Clean Data XLS Skill
What is Data Cleaning?
Data cleaning (also called data wrangling or data preparation) is the process of detecting and correcting errors, inconsistencies, and formatting problems in raw data before it can be used for analysis. In finance, this step is often overlooked or rushed, but it is critical: a financial model built on dirty data will produce unreliable outputs regardless of how sophisticated the model is. Financial data gets messy for many reasons:- Multiple sources — Pulling data from Bloomberg, SEC filings, and internal databases produces different formats for the same fields (revenue as “485.0 million”).
- Manual entry — Analysts typing data into spreadsheets introduce typos, inconsistent casing (“Apple Inc.” vs “APPLE INC” vs “Apple Inc”), and formatting variations.
- Copy-paste artifacts — Copying data from PDFs, web pages, or other spreadsheets brings invisible characters, weird spacing, and numbers stored as text.
- Date format chaos — “3/8/26” might mean March 8, 2026 in the US or August 3, 2026 in Europe. Mixed date formats in the same column make time-series analysis impossible.

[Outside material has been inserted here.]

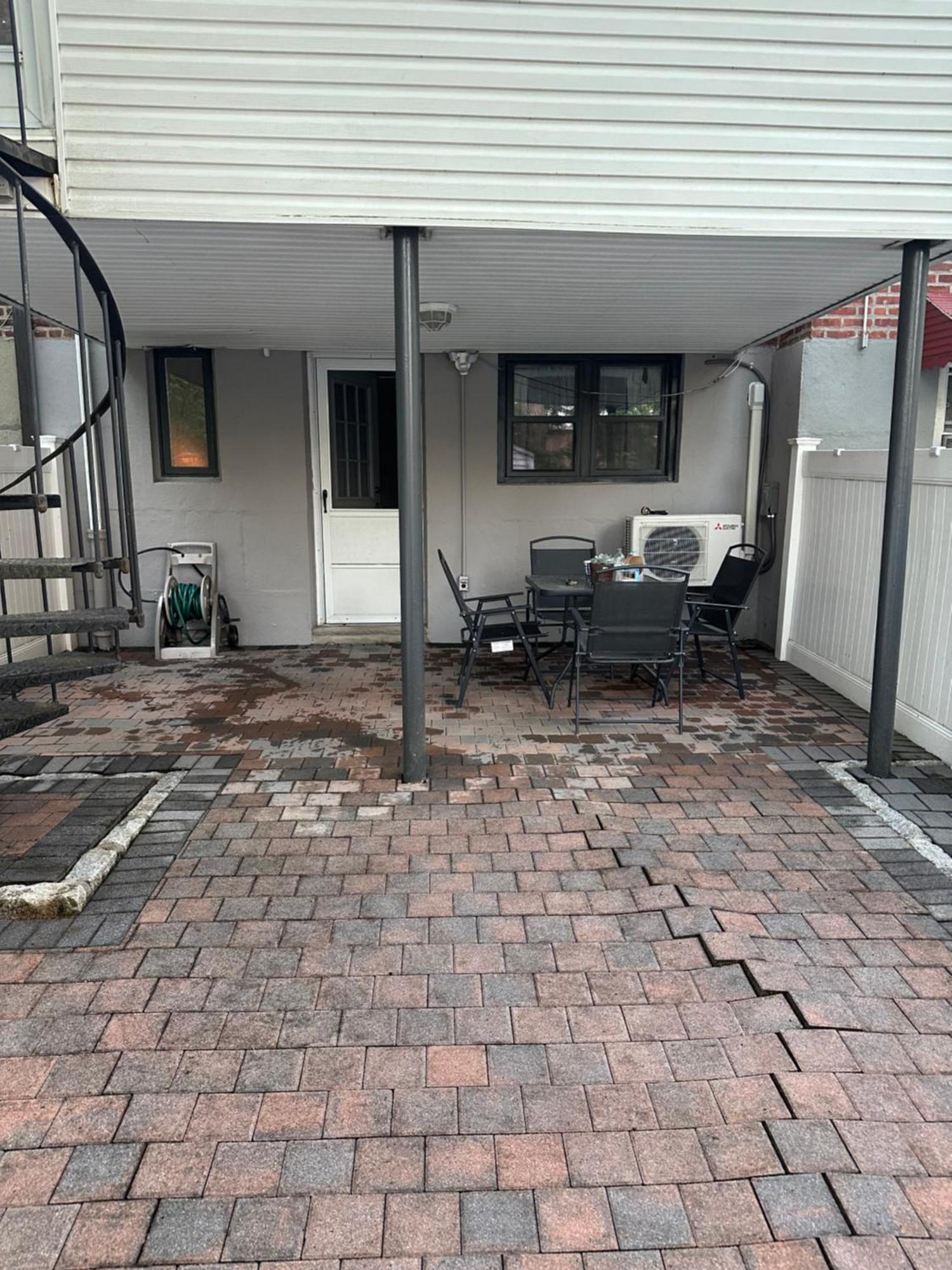 Appartement Morris Park Area *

- Encoding issues — Characters like accented letters (e.g., in “Societe Generale”) can get corrupted into mojibake (é instead of e).
Why It Matters
Data quality issues compound as they flow through analysis:- Numbers stored as text cannot be summed, averaged, or used in formulas. Excel will silently skip them in SUM ranges, producing subtotals that are wrong but look reasonable.
- Inconsistent company names cause comps to fail. If “J.P. Morgan” appears in one dataset and “JPMorgan” in another, a VLOOKUP will not match them.
- Mixed date formats break time-series calculations. If some dates parse as March and others as August, growth rates and trend lines will be nonsensical.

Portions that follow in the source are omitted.